** WHAT IS BEING ASKED **
Start to finish, retype the entries exactly while omitting the pictures.

[Records from a collection]
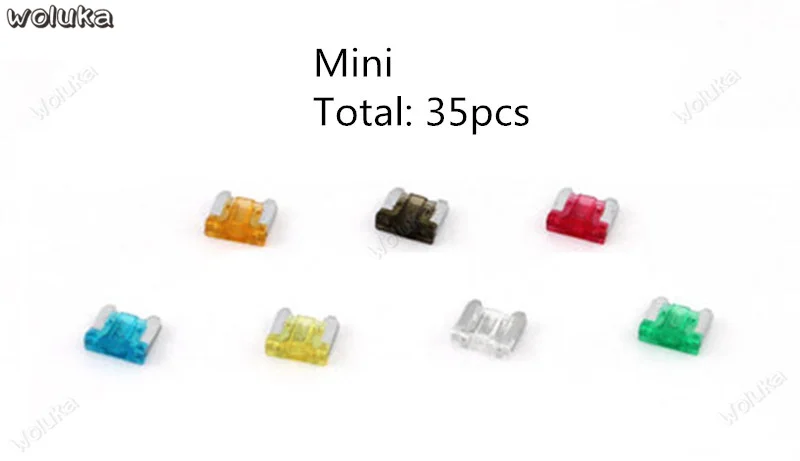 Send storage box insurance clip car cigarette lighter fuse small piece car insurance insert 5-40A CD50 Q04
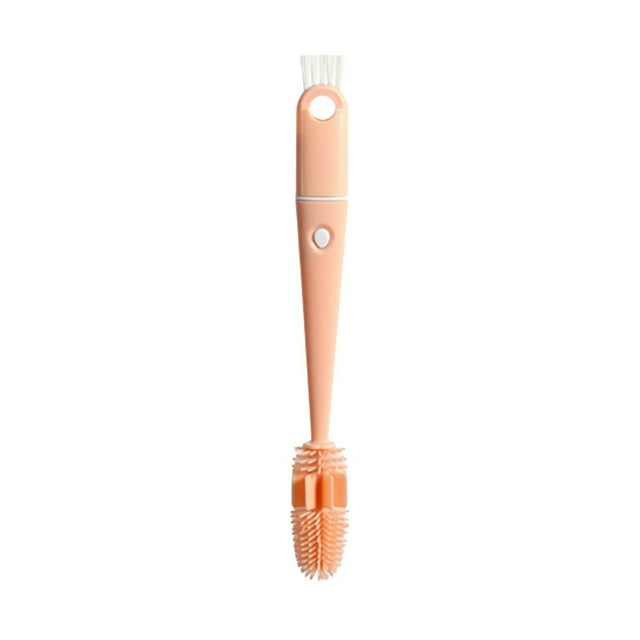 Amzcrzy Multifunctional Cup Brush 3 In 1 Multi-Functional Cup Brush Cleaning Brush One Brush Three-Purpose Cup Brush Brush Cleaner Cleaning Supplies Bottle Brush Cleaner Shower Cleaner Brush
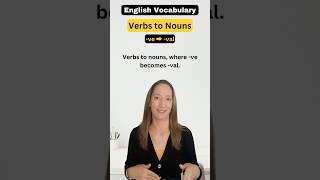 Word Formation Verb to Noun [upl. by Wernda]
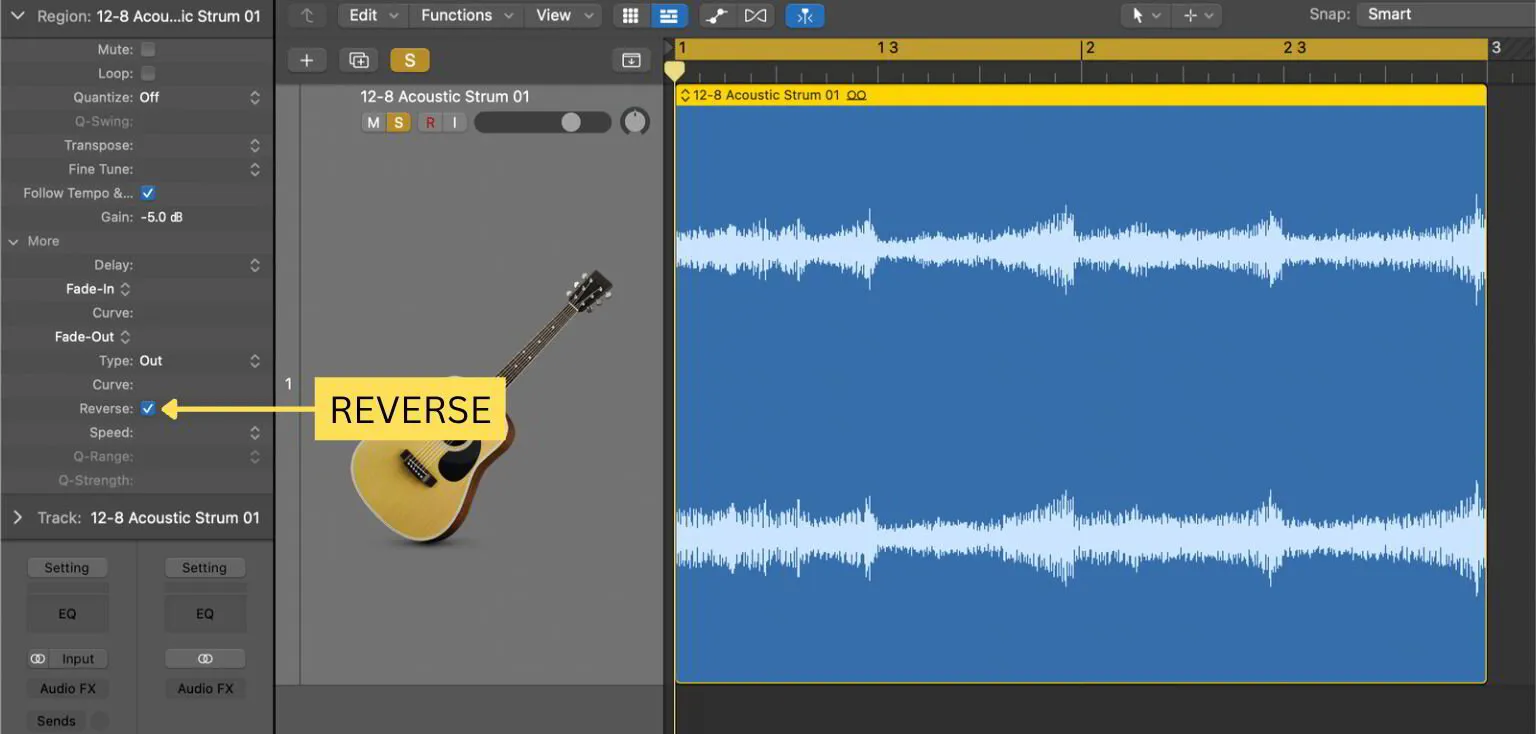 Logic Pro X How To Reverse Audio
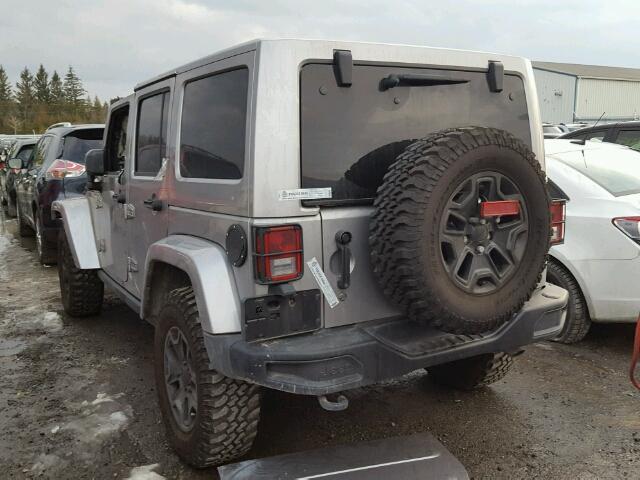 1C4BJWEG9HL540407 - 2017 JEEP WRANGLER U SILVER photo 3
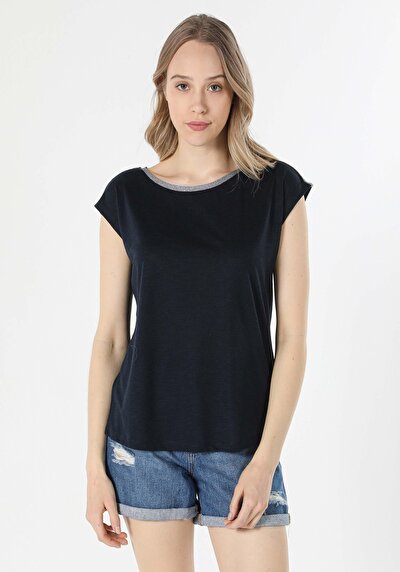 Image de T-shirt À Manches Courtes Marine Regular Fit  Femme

** SOLVED PROBLEM **
 Send storage box insurance clip car cigarette lighter fuse small piece car insurance insert 5-40A CD50 Q04
 Amzcrzy Multifunctional Cup Brush 3 In 1 Multi-Functional Cup Brush Cleaning Brush One Brush Three-Purpose Cup Brush Brush Cleaner Cleaning Supplies Bottle Brush Cleaner Shower Cleaner Brush
 Word Formation Verb to Noun [upl. by Wernda]
 Logic Pro X How To Reverse Audio
 1C4BJWEG9HL540407 - 2017 JEEP WRANGLER U SILVER photo 3
 Image de T-shirt À Manches Courtes Marine Regular Fit  Femme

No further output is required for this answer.